Our dog takes great joy in dragging us out to the front sidewalk so she can relieve herself on the mowing strip near the curb and checking out what other dogs have done the same. My wife describes the process as "checking her pee-mail" which seems to describe it pretty accurately. But it looks like others have noticed the same phenomenon, and in his blog
Hank The Dog points out the difference between e-mail & pee-mail:
They're both better when they come in trickles. If you're getting too much of either from somebody, it's likely they're just showing off and trying to pretend they own the whole neighborhood.
You can pick up viruses from both, but dogs aren't beastly enough to send you viruses on purpose, unlike some species we might name.
In measured amounts, pee-mail is actually good for the environment and can be used as a fertilizer. E-mail, of course, you just have to throw away. Oddly enough, some companies seem to want to keep your old e-mail and root around in it. In my neighborhood, we call them DDDs, for dumpster-diving dogs.
You end up getting the same pee-mails over and over again, just like e-mails. (It's good to stay in touch!)

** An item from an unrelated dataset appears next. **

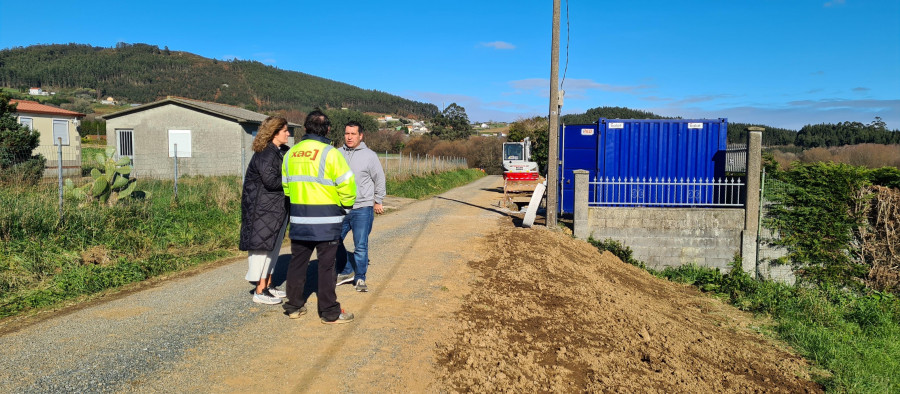 Narón mejora el saneamiento y la pista polideportiva en San Mateo por 205.000 euros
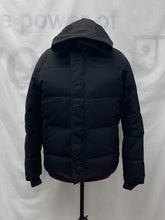 Load image into Gallery viewer, Women's Canada Goose Puff Coat, Large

Pee-mailing is healthier. You get more exercise and never fill up on spam.
You need less equipment with pee-mail, but the equipment that you need is more important.
A lot of e-mail stinks but doesn't smell. Most pee-mail, in my experience, smells but doesn't stink. But I'm not counting cat pee-mail, which is another matter altogether!
You ever notice how humans seem to wind up doing almost everything via machines? I'm just glad those robot dogs haven't really caught on. I shudder to think what kind of pee-mail we'd get from them.